Au Père Lachaise parmi les spectres il la retrouve, coeur battant, front vaillant. Une fièvre impie l'habite en cette saison de mai. Trouble exquis de l'âme en proie à ses plus chers tourments... Dans l'oeil de la précieuse, le dandy ne voit que l'écho de sa propre flamme. Leur rencontre est un feu paradoxal où se mêlent cause poétique et folie charnelle. Le temps est aux amours : les lits des inhumés sont légers et la brise vernale fait chanter la pierre. Un parfum de mélancolie embaume l'air, les allées, la nue. Les feuilles de quelques grands arbres frémissent çà et là autour des sépulcres. Il la salue, froid, conventionnel, hautain. Elle lui répond avec la même retenue.
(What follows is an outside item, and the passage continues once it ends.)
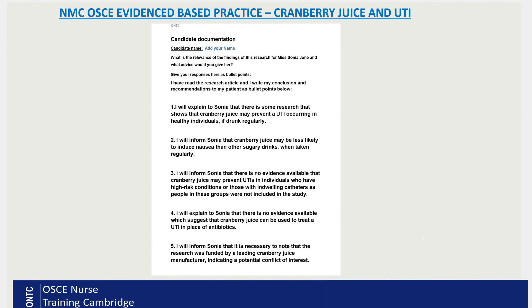Point one: I will explain to Sonia that there is some research showing that cranberry juice may prevent a UTI occurring in healthy individuals if drunk regularly. That is what the current research says — there is some evidence it can prevent a UTI in healthy people when consumed regularly.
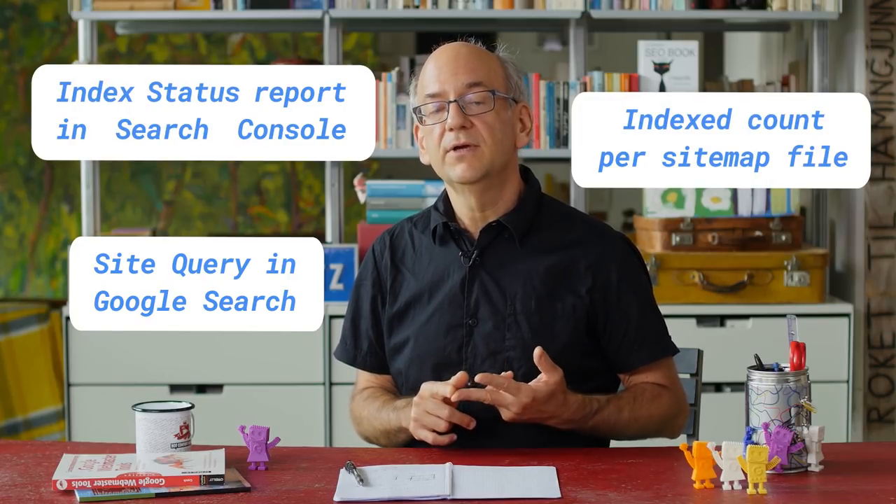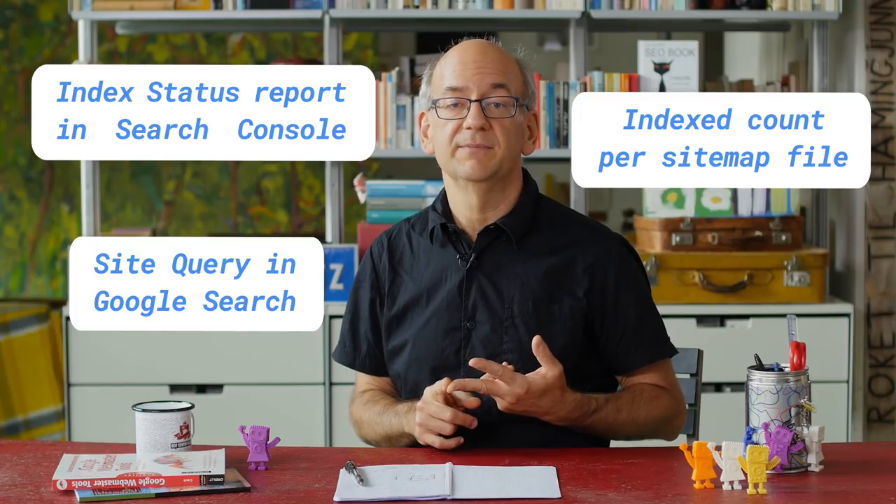There are three main places to get counts for the number of indexed URLs. First, you can check a site query in Google Search. Second, you can use the index status report in Search Console. Or third, you can look at the index count per sitemap file. Let's take a look at these options.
Un chat frôle la jambe de l'élégante. Petit cri de surprise...
Leurs souffles viennent de se croiser.
La voie est ouverte. Nulle ombre aux alentours... Le couple s'étend sur la première tombe venue dissimulée aux indiscrets par quelque angle avantageux. Il dénude la poitrine de la galante, fébrile. Allongée à demi dévêtue sur la surface rugueuse, elle sent sa caresse âpre contre sa peau. L'alcôve improvisée est couverte de mousse séchée. L'humus sur la dalle séculaire enivre l'amant qui, emporté par ces effluves, se perd dans ses hauteurs fantasques alors que sa maîtresse se pâme sous le mâle assaut. Les baisers sont aussi suaves que des morsures, les respirations sont précipitées. L'homme plein de fougue joue avec les seins de l'offerte, les aspirent avec l'avidité gloutonne d'un affamé, tandis que ses doigts s'immiscent vers les profondeurs de la chair femelle ébranlée.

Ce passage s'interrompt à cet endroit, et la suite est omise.